Lists show 37 registered offenders at Kansas universities during fall semester; 5 at KU

? Thirty-seven registered criminal offenders are enrolled or employed at the six state universities in Kansas, a newspaper analysis has found.

Federal law requires universities to keep a list of the registered offenders at their schools and make the information available, The Wichita Eagle reports. But it’s not clear how many people know about the lists.

There are 12 offenders at Wichita State University, 10 at Kansas State University, seven at Pittsburg State University, five at Kansas University, two at Emporia State University and one at Fort Hays State. Their crimes include rape, indecent liberties with a child and use of a deadly weapon.

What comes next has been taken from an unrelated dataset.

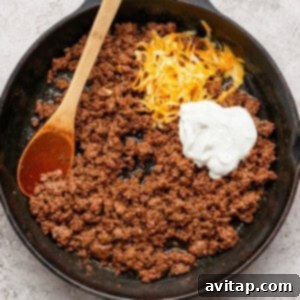 Ground beef cooking in a cast iron skillet with shredded Mexican blend cheese and a dollop of Greek yogurt being stirred in with a wooden spoon.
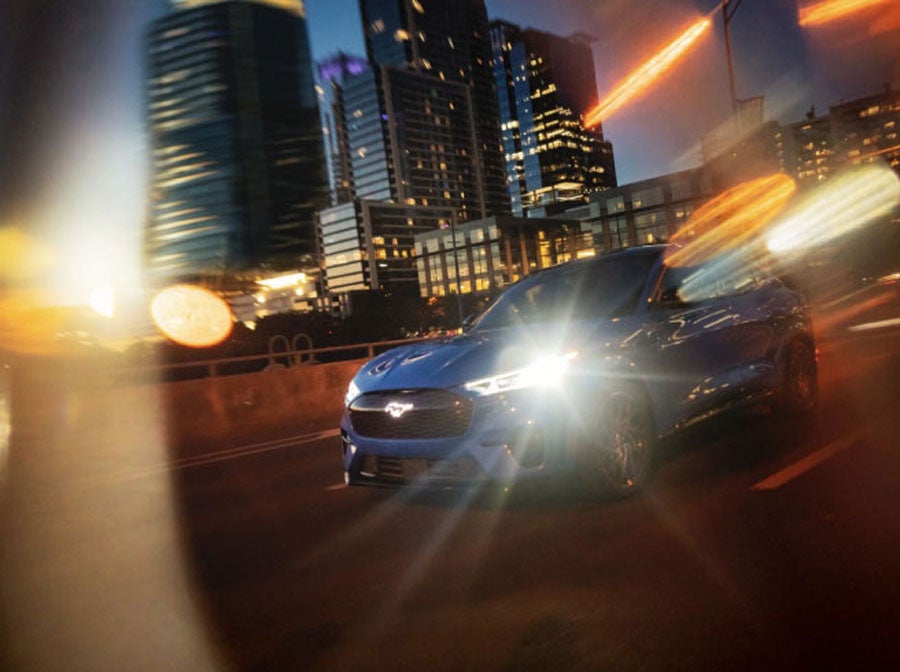 Blue Ford Mustang Mach-e Driving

What information goes on a list and how it is provided to the public varies from campus to campus. Some post it online, while others require students and parents to go to the campus police offices and ask for it.

The Kansas Board of Regents, which oversees the state universities, said Friday that each school decides how to make the offender information available.

The KU Office of Public Safety lists sex offenders by name on its website, publicsafety.ku.edu, under Crime and Fire Statistics. The page notes student or employee status and provides links to each person’s profile on the Kansas Bureau of Investigation’s registered offender website.

At the beginning of the fall semester, the KU Office of Public Safety website showed five registered sex offenders were enrolled as students as of September 26, when KU’s list was last updated. All were compliant and none had on-campus residential addresses, according to the KBI registered offender website.

Only three of those five are enrolled at KU now, KU spokeswoman Erinn Barcomb-Peterson said Monday. She said that sex offenders are not allowed to live in campus housing.

The three offenders currently enrolled, all men, were convicted of statutory rape, electronic solicitation of a child and aggravated sexual assault of a person older than 60, according to the KBI website.